Consider the following code:
a = [7,8,9]
f = 1.0
s = Set()
push!(s,30)
push!(s,40)
function getsummary(obj)
println("Object of type ", typeof(obj))
end
function getsummary{T<:AbstractArray}(obj::T)
println("Iterable Object starting with ", next(obj, start(obj))[1])
end
getsummary(a)
getsummary(f)
getsummary(s)
The output is:
Iterable Object starting with 7
Object of type Float64
Object of type Set{Any}
Which is what we would expect since Set is not an AbstractArray. But clearly my second method only requires the type T to implement the iteration interface.

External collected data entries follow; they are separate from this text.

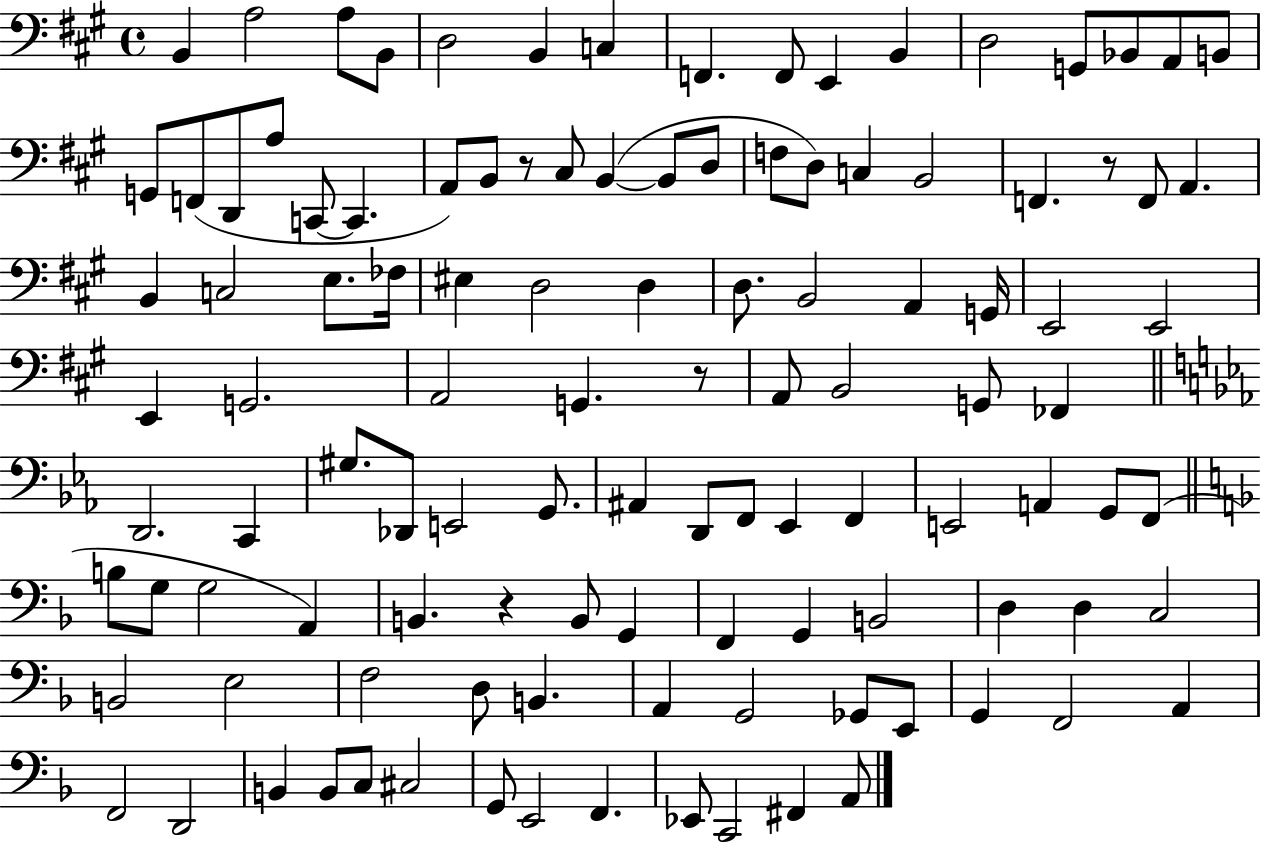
{
  \clef bass
  \time 4/4
  \defaultTimeSignature
  \key a \major
  b,4 a2 a8 b,8 | d2 b,4 c4 | f,4. f,8 e,4 b,4 | d2 g,8 bes,8 a,8 b,8 | \break g,8 f,8( d,8 a8 c,8~~ c,4. | a,8) b,8 r8 cis8 b,4~(~ b,8 d8 | f8 d8) c4 b,2 | f,4. r8 f,8 a,4. | \break b,4 c2 e8. fes16 | eis4 d2 d4 | d8. b,2 a,4 g,16 | e,2 e,2 | \break e,4 g,2. | a,2 g,4. r8 | a,8 b,2 g,8 fes,4 | \bar "||" \break \key ees \major d,2. c,4 | gis8. des,8 e,2 g,8. | ais,4 d,8 f,8 ees,4 f,4 | e,2 a,4 g,8 f,8( | \break \bar "||" \break \key d \minor b8 g8 g2 a,4) | b,4. r4 b,8 g,4 | f,4 g,4 b,2 | d4 d4 c2 | \break b,2 e2 | f2 d8 b,4. | a,4 g,2 ges,8 e,8 | g,4 f,2 a,4 | \break f,2 d,2 | b,4 b,8 c8 cis2 | g,8 e,2 f,4. | ees,8 c,2 fis,4 a,8 | \break \bar "|."
}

my issue isn't only related to the iteration interface but to all interfaces defined by a set of functions.
EDIT-2
I think my question is related to
https://github.com/JuliaLang/julia/issues/5
Since we could have imagined something like T<:Iterable
Typically, this is done with traits. See Traits.jl for one implementation; a similar approach is used in Base to dispatch on Base.iteratorsize, Base.linearindexing, etc. For instance, this is how Base implements collect using the iteratorsize trait:
"""
collect(element_type, collection)
Return an `Array` with the given element type of all items in a collection or iterable.
The result has the same shape and number of dimensions as `collection`.
"""
collect{T}(::Type{T}, itr) = _collect(T, itr, iteratorsize(itr))
_collect{T}(::Type{T}, itr, isz::HasLength) = copy!(Array{T,1}(Int(length(itr)::Integer)), itr)
_collect{T}(::Type{T}, itr, isz::HasShape) = copy!(similar(Array{T}, indices(itr)), itr)
function _collect{T}(::Type{T}, itr, isz::SizeUnknown)
a = Array{T,1}(0)
for x in itr
push!(a,x)
end
return a
end
See also Mauro Werder's talk on traits.
I would define a iterability(::T) trait as follows:
immutable Iterable end
immutable NotIterable end
iterability(T) =
if method_exists(length, (T,)) || !isa(Base.iteratorsize(T), Base.HasLength)
Iterable()
else
NotIterable()
end
which seems to work:
julia> iterability(Set)
Iterable()
julia> iterability(Number)
Iterable()
julia> iterability(Symbol)
NotIterable()
you can check whether a type implements an interface via methodswith as follows:
foo(a_type::Type, an_interface::Symbol) = an_interface ∈ [i.name for i in methodswith(a_type, true)]
julia> foo(EachLine, :done)
true
but I don't quite understand the dynamic dispatch approach you mentioned in the comment, what does the generic function looks like? what's the input & output of the function? I guess you want something like this?
function foo(a_type::Type, an_interface::Symbol)
# assume bar baz are predefined
if an_interface ∈ [i.name for i in methodswith(a_type, true)]
# call function bar
else
# call function baz
end
end
or some metaprogramming stuff to generate those functions respectively at compile time?